# Trinity House



## trotterdotpom

Thunderd was asking about Trinity House the other day.

Corporation of Trinity House, older than the Royal Navy, is steeped in tradition. The organisation is run by Elder Brethren and Younger Brethren, who are ex Admirals, Commodores of Merchant fleets, etc (although I'm not sure where they'd get them from these days). I've got it in my head the HRH Prince Philip was Master of Trinity House in the '60s - could be wrong on that. Rumour had it that the Brethren were paid by a substantial cheque under a gold plate at dinner on Trinity Sunday. The organisation's headquarters is at Trinity House on Tower Hill, next door to the PLA building.

THV Patricia (see photo in gallery) was the flagship of the Trinity House fleet. She was based in Harwich, the main Trinity House Depot, and every year the Elder Brethren would board her for a tour of inspection of every buoy, lightship and lighthouse in England and the Channel Islands. This would take about 6 months, presumeably the Brethren came and went.

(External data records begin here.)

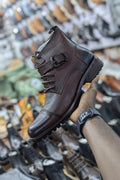 Brown textured leather high-top boots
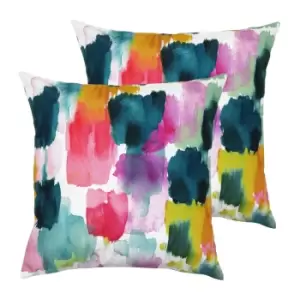 Image of Evans Lichfield Watercolour Outdoor Twin Pack Polyester Filled Cushions Ochre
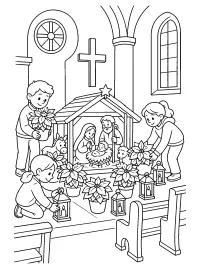 Bloemen rond de kerststal in de kerk kleurplaat gratis PDF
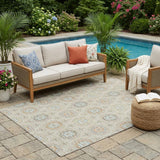 5' X 8' Beige And Brown Floral Medallion Washable Indoor Outdoor Area Rug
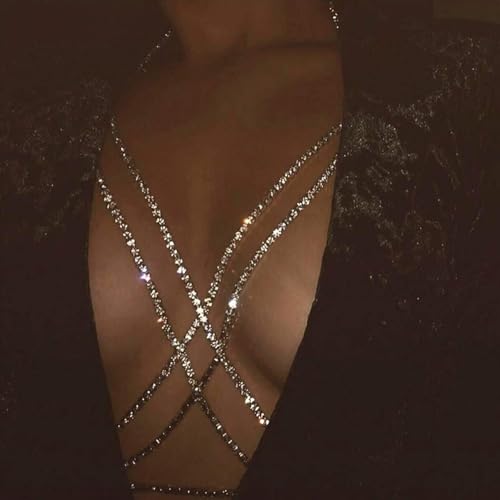 Body Chain Jewelry for Women, Layered Waist Chain for Bikinis | Sexy Body Jewelry, Adjustable Fit, Chest Belly Chain, Gold & Silver Options, Beach Vacation, Festivals Raves & Concerts - style: Cross Diamond1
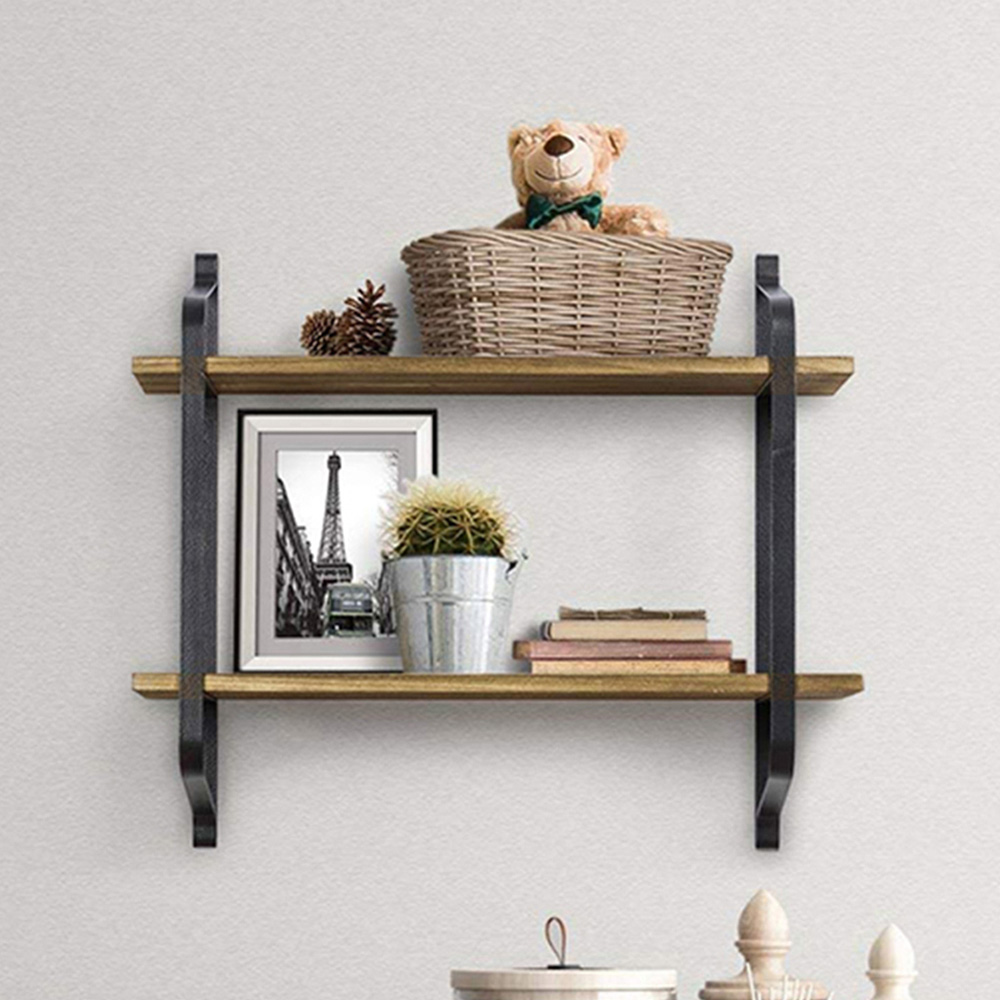 Living And Home WH0948 Wood Metal Frame & Wood 2-Tier Wall Mounted Floating Shelf Image 8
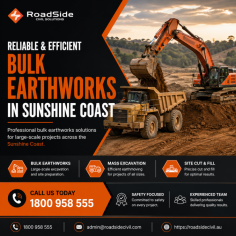 RoadSide Civil Solutions provides professional bulk earthworks in Sunshine Coast, delivering efficient excavation, site preparation, mass earthmoving, and cut-and-fill services for civil, commercial, and construction projects. Our experienced team focuses on safety, precision, and dependable results to keep every project moving smoothly from start to finish.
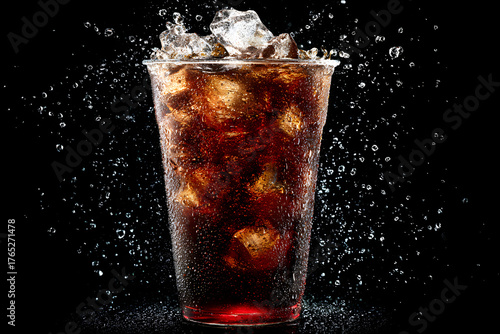 A clear plastic cup of fizzy dark soda with ice cubes splashing dramatically with condensation.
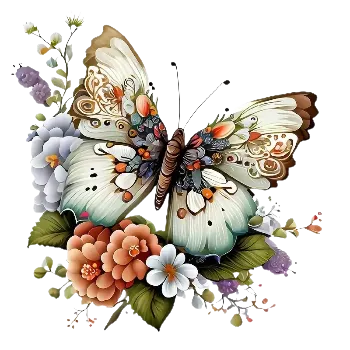 Nažehlovací obrázek - bílý motýl s květy (8,0 x 8,0 cm)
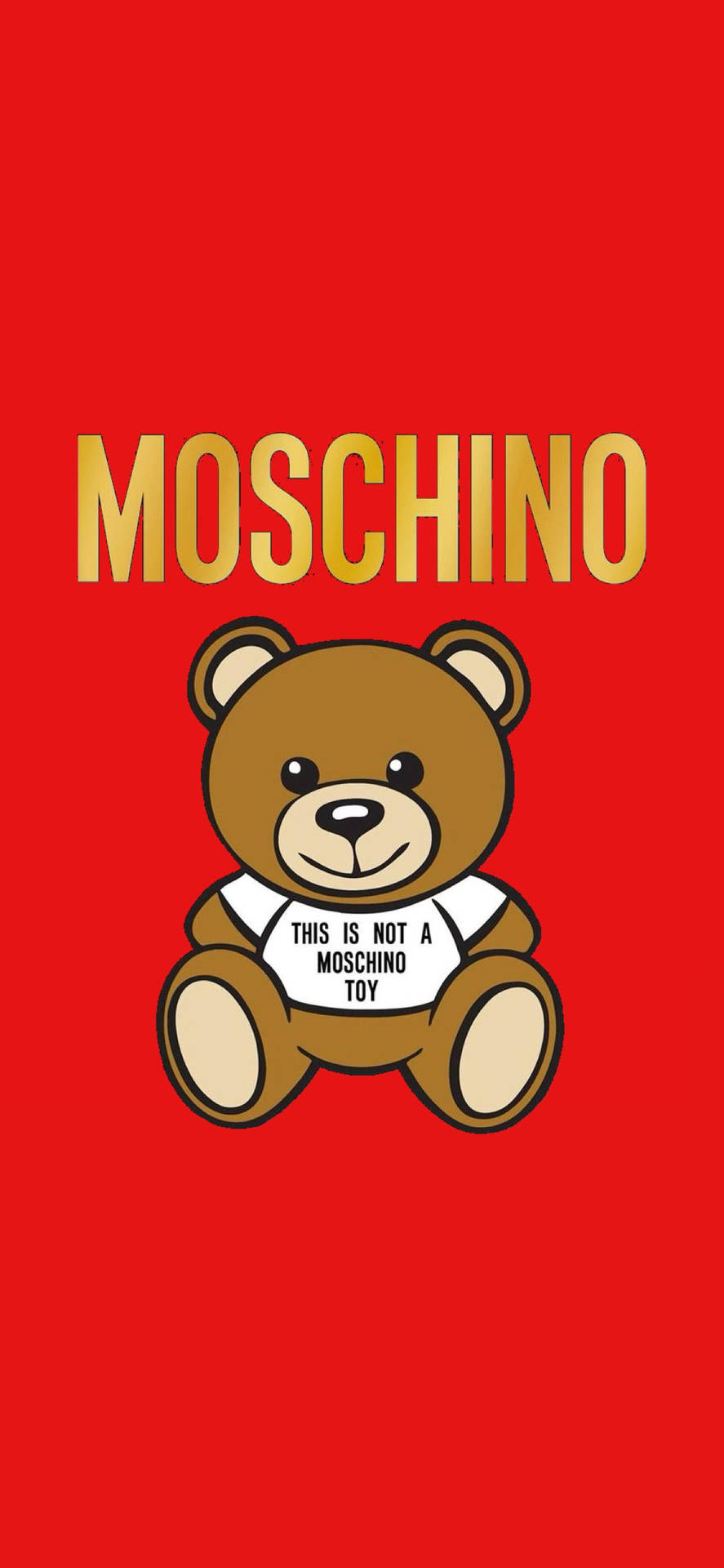 Red Background Moschino Bear Background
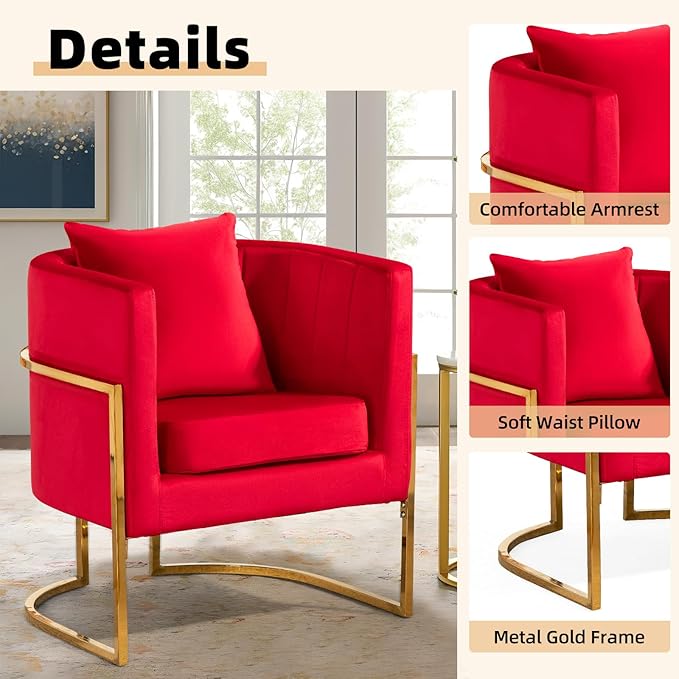 Velvet Modern Accent Chairs Set of 2, Upholstered Barrel Armchair Mid Century with Pillow for Living Room, Comfy Single Vanity Chair with Metal Gold Legs for Bedroom, Rose Red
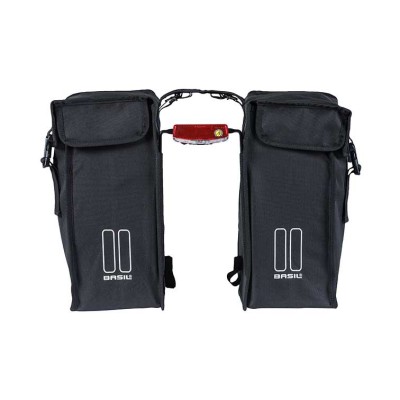 BASIL MARA XL taskesæt (sort) med taskebro. Str. 35 x15 x 32cm, vol: 35 L, maks. bæreevne  10 kg (5 kg i hver taske). 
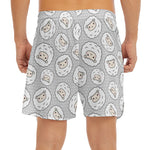 Kawaii Sheep Pattern Print Men's Split Running Shorts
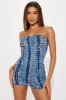 Caught Up Distressed Romper - Light Wash sold by Fashion Nova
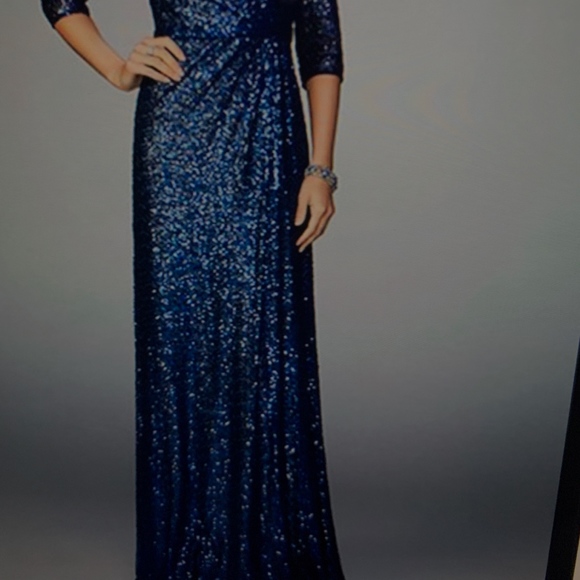 La Femm Blue Sequined Gown size 8 - Picture 1 of 4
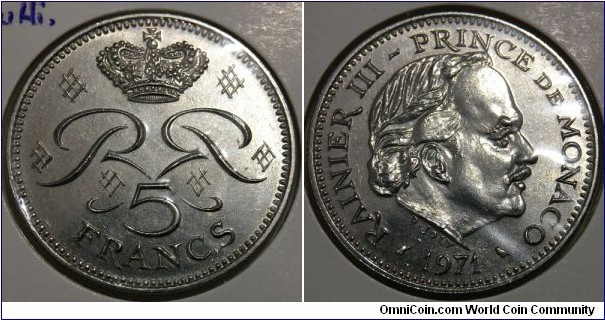 5 Francs (Principality of Monaco / Prince Rainier III // Copper-Nickel / Mintage: 250.000 pcs) 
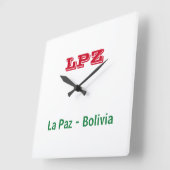 Reloj La Paz Bolivia Quadratische Wanduhr (Winkel)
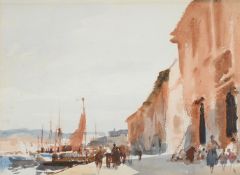λ EDWARD SEAGO (BRITISH 1910-1974), FIGURES IN A HARBOUR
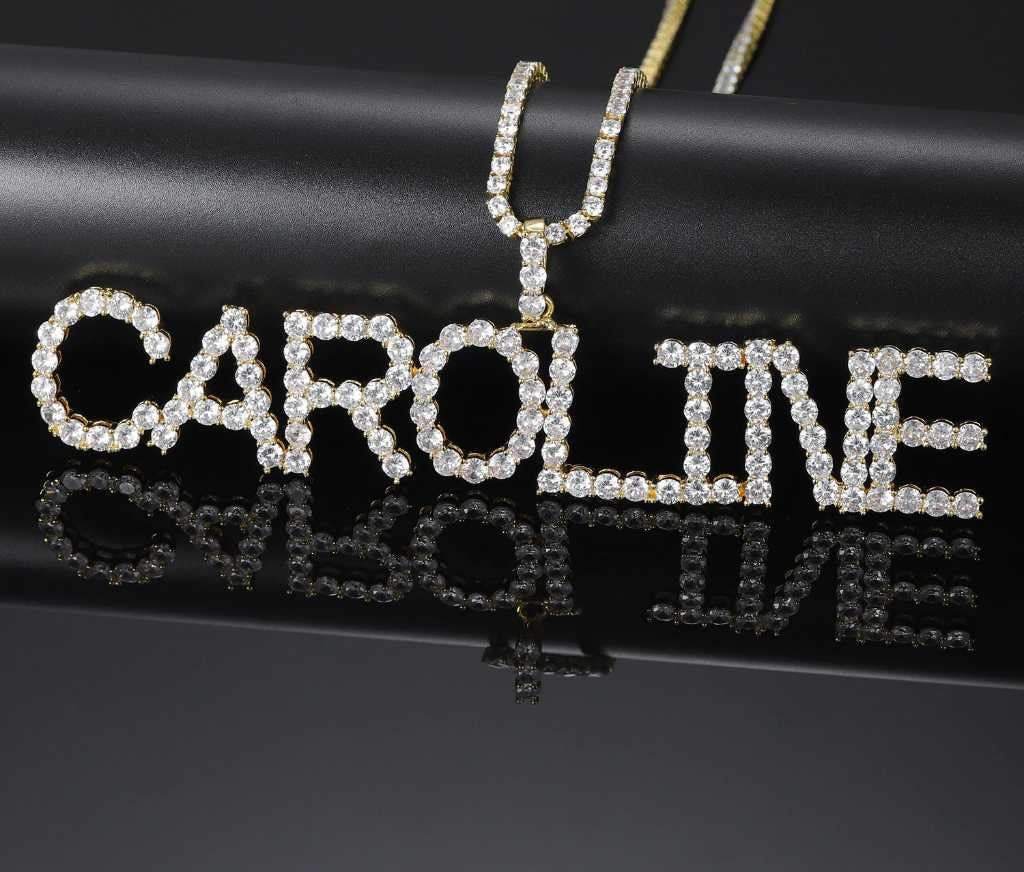 Customized Name Letters Pendant Necklace Charm Men's Iced Out Cubic Zircon Hip Hop Jewelry With Gold Silver Tennis Chain Gifts Customized
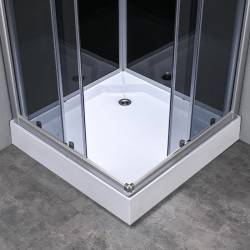 KABINA PRYSZNICOWA KWADRATOWA Z BRODZIKIEM WSH309B SZARA 90x90 CM WSH309B-GR-90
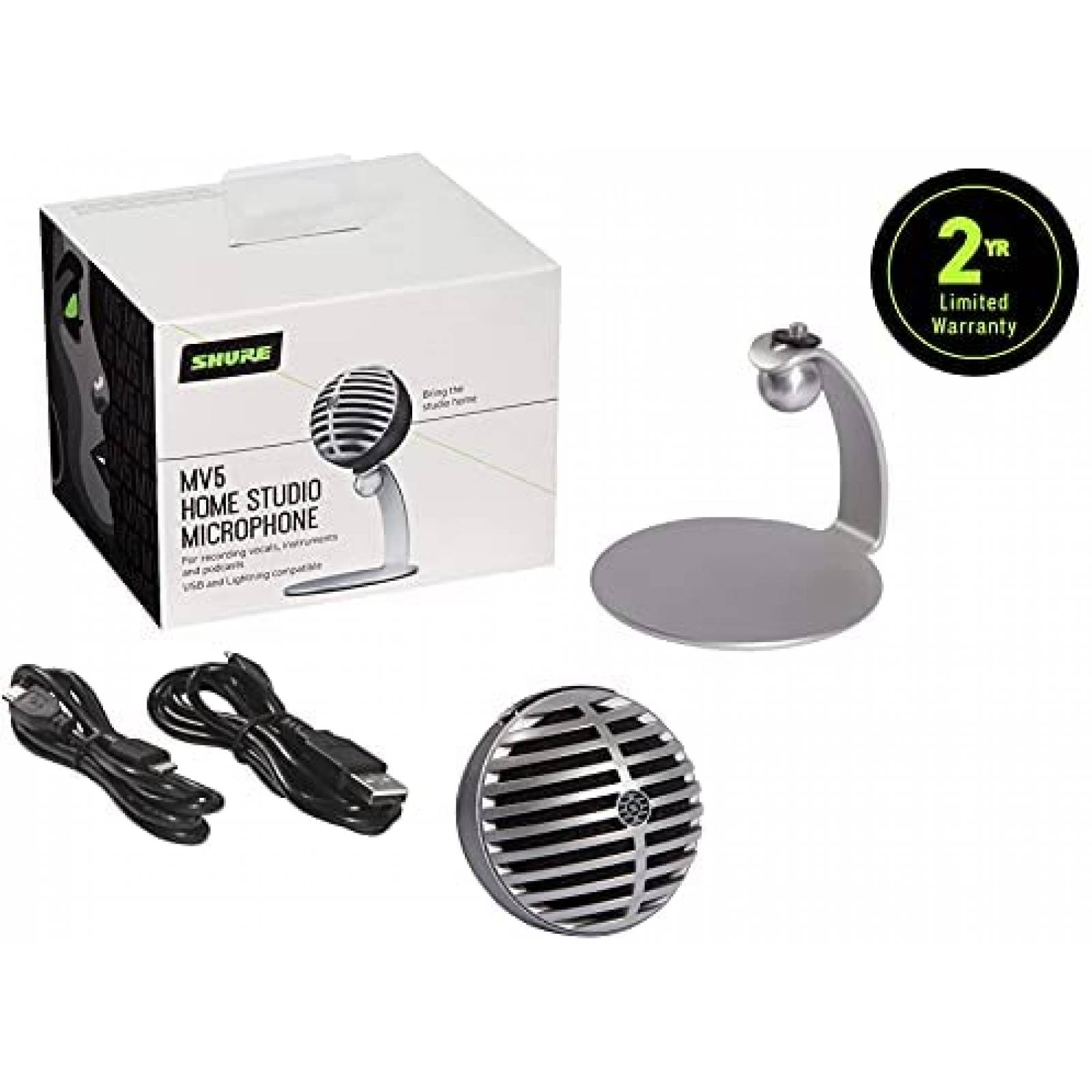 Microfono Condensador Shure MV5 Digital Cable USB -Gris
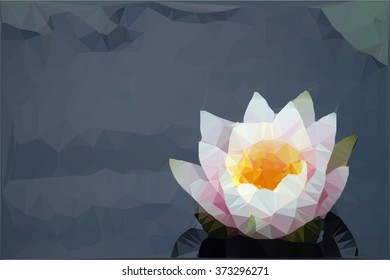 pink vector polygonal water lily on a pond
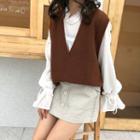 Bell Sleeve Mock Knit Blouse
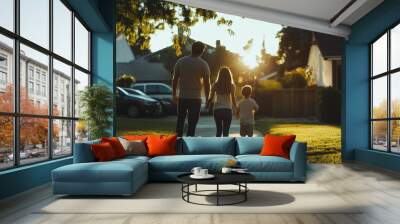 A family enjoys a sunset stroll, hand in hand, along a serene suburban street with cozy homes and vibrant greenery Wall mural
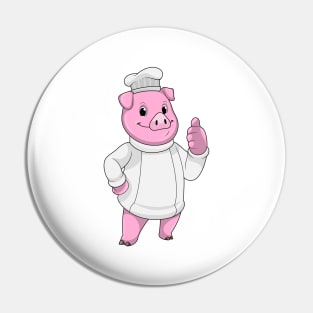 Pig as Cook with Chef hat Pin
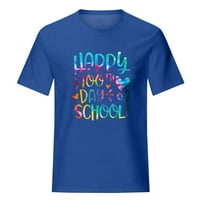Trendi vrhovi za žene labave fit vrhove sretni 100. školske košulje za majicu za nastavnike Žene kratkih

I experienced one of these nerve wracking inspections at Anvil Point Lighthouse, near Swanage...I still tremble at the thought and am unable to touch brass without a rag in my hand!

After the tour she would have a re-fit and commence work on buoys, relieving lightship and lighthouse crews, etc, for a while, then another re-fit to get ready for the tour again.

I read somewhere recently that the new "Patricia", while on her normal duties, takes passengers for short trips.

On the photo in the gallery, the flag on the after mast is the Trinity House Ensign.

John T.


----------



## Santos

I dont think there will be many people holding brasso cloths these days John, everythings automated now. Gone are the lightships welcoming you home, just large automatic navigation lights now.

Unmanned lighthouses with ugly helecopter landing platforms on top, nobody to spot anyone in trouble and get help.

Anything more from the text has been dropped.